We'll review your protest statement and decide if you gave us a basis to reconsider our determination. If so, we'll continue to process your case considering the information you provided. If you haven't given us a basis for reconsideration, we'll send your case to the Appeals Office and notify you. You can find more information in Publication 892, How to Appeal an IRS Determination on Tax-Exempt Status.
If you don't file a protest within 30 days, you can't seek a declaratory judgment in court later because the law requires that you use the IRC administrative process first (IRC Section 7428(b)(2)).
Where to send your protest
Send your protest, Form 2848, if applicable, and any supporting documents to the applicable address:
Internal Revenue Service
EO Determinations Quality Assurance
Mail Stop 6403
PO Box 2508
Cincinnati, OH 45201
Street address for delivery service:
Internal Revenue Service
EO Determinations Quality Assurance
550 Main Street, Mail Stop 6403
Cincinnati, OH 45202
You can also fax your protest and supporting documents to the fax number listed at the top of this letter. If you fax your statement, please contact the person listed at the top of this letter to confirm that they received it.

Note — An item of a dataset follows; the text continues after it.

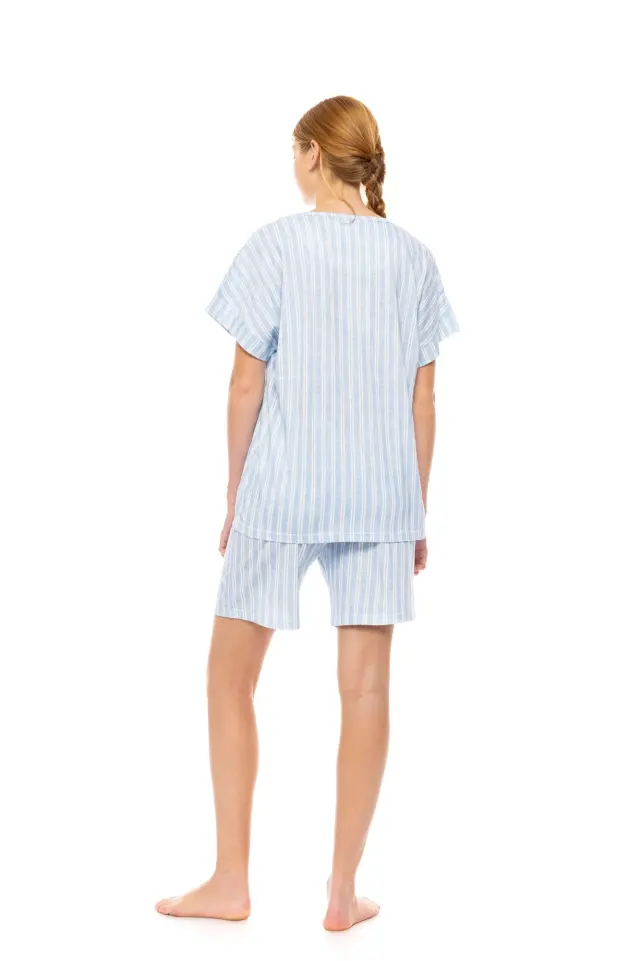 S1518 - Type - PYJAMA SHORTS NORDIC STRIPE 3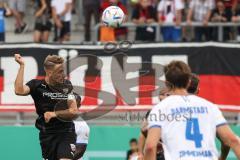 DFB Pokal; FC Ingolstadt 04 - SV Darmstadt 98; Tobias Schröck (21, FCI) Kopfball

You can get the forms and publications mentioned in this letter by visiting our website at irs.gov/forms-pubs or by calling 800-TAX-FORM (800-829-3676). If you have questions, you can contact the person listed at the top of this letter.
Contacting the Taxpayer Advocate Service
The Taxpayer Advocate Service (TAS) is an independent organization within the IRS that can help protect your taxpayer rights. TAS can offer you help if your tax problem is causing a hardship, or if you've tried but haven't been able to resolve your problem with the IRS. If you qualify for TAS assistance, which is always free, TAS will do everything possible to help you. Visit taxpayeradvocate.irs.gov or call 877-777-4778.